─── GIVEN MATERIAL
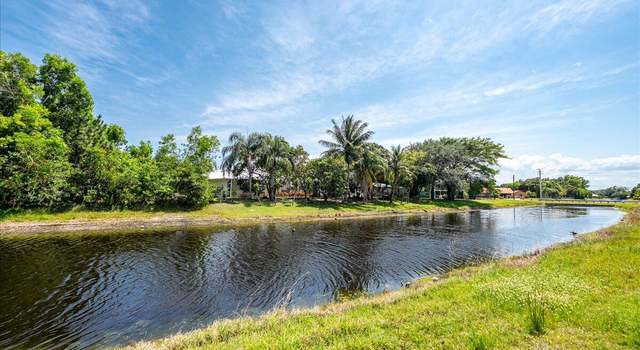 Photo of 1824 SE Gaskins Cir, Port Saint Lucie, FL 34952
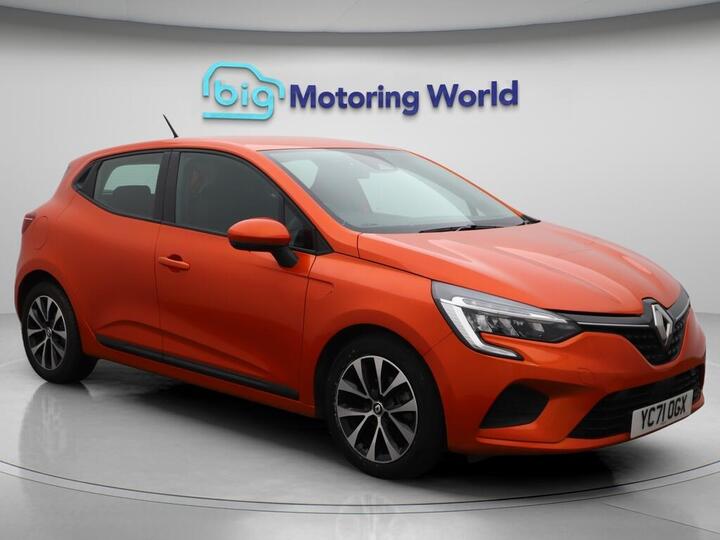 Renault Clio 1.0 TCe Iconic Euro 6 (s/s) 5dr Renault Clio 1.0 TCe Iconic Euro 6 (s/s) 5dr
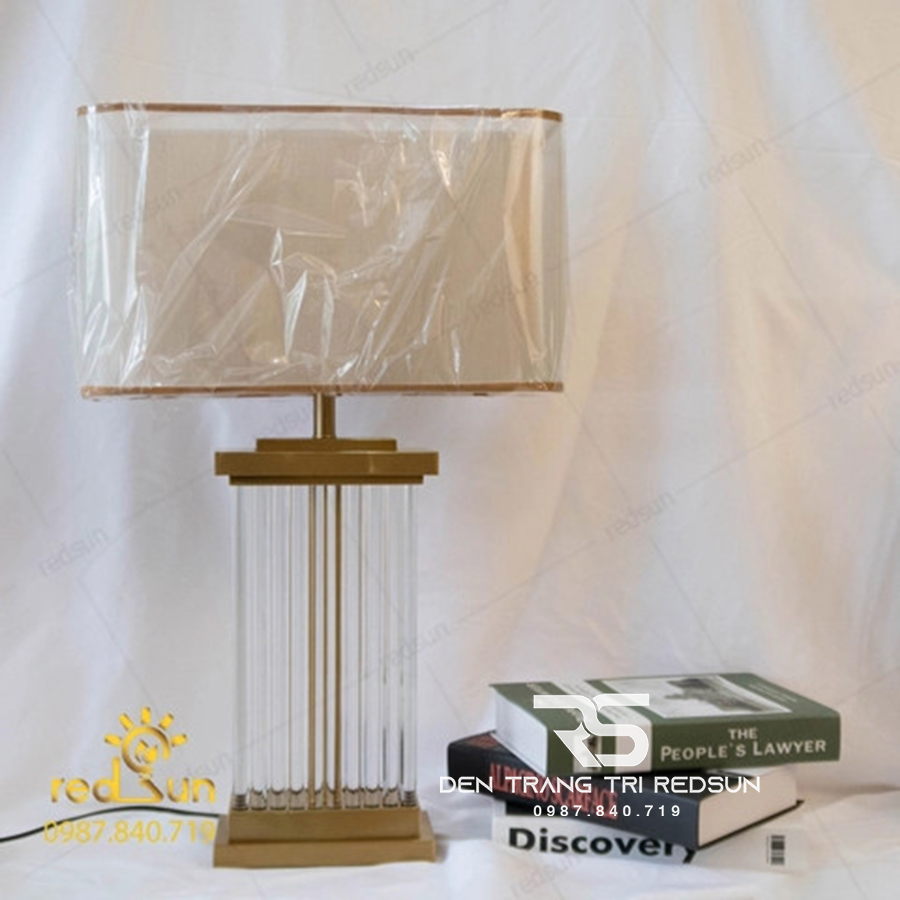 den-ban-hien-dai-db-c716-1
──────
PROBLEM STATEMENT: Retype each line above exactly. Leave the images out.

ANSWER FOR THIS EXERCISE:
 Photo of 1824 SE Gaskins Cir, Port Saint Lucie, FL 34952
 Renault Clio 1.0 TCe Iconic Euro 6 (s/s) 5dr Renault Clio 1.0 TCe Iconic Euro 6 (s/s) 5dr
 den-ban-hien-dai-db-c716-1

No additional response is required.